Al levantar yo la luz de la linterna, la chica Esquimal se levantó de la esquina donde había estado durmiendo y los tres nos inclinamos hacia el hombre moribundo.
El viejo Esquimal dobló un potente dedo y con él se dio en el pecho, muy cerca del agujero de bala. Cada jadeo bombeaba fuera mucha sangre roja y arterial, pero él iba tosiendo lo que sólo podían ser palabras. Con un trozo de tiza, intenté escribirlas en la pizarra que Stanley y yo usábamos para comunicarnos cuando los pacientes estaban durmiendo cerca.
—
Angatkut tuquruql Quarubvitchuq... angatkut turquq... Paniga... tuunbaq! Tanik... naluabmiu tuqutauyasiruq... umiaqpak tuqutauyasiruq... nanuq tuqutka! Paniga... tunbaq nanuq... angatkut qururuq!
Y la hemorragia aumentó tanto que él ya no pudo hablar más. La sangre salía a chorros y se escapaba de su cuerpo, atragantándole, hasta que, aunque Stanley y yo procurábamos levantarlo y ayudarlo a limpiar sus vías respiratorias, acabó por inhalar sólo sangre. Después de un terrible momento final así, su pecho dejó de moverse, él cayó hacia atrás en nuestros brazos y su mirada se quedó fija y vidriosa. Stanley y yo lo dejamos en la mesa.
—¡Cuidado! —exclamó Stanley.
Durante un segundo no comprendí la advertencia del otro cirujano: el viejo estaba muerto y tranquilo, yo no encontraba pulso ni respiración al inclinarme hacia él, pero entonces me volví y vi a la mujer esquimal.
Había cogido uno de los escalpelos ensangrentados de nuestra mesa de trabajo y se acercaba, levantando el arma.
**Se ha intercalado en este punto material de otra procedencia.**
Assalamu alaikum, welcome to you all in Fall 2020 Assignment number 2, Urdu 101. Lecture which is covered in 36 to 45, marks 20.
Resultó obvio para mí de inmediato que no me prestaba ninguna atención, ya que su mirada fija estaba clavada en el Rostro Muerto y el pecho del hombre que podía ser su marido, su padre o un hermano. En esos pocos segundos, no conociendo las costumbres de aquella tribu Pagana, una Miríada de imágenes delirantes llenaron mi mente: que la joven iba a sacarle el corazón al hombre y quizá devorarlo en algún terrible ritual, o le iba a vaciar los ojos al muerto, o quizá cortarse uno de sus propios dedos o añadir alguna cicatriz más a la telaraña de cicatrices antiguas que cubrían el cuerpo del hombre como los tatuajes de un marinero.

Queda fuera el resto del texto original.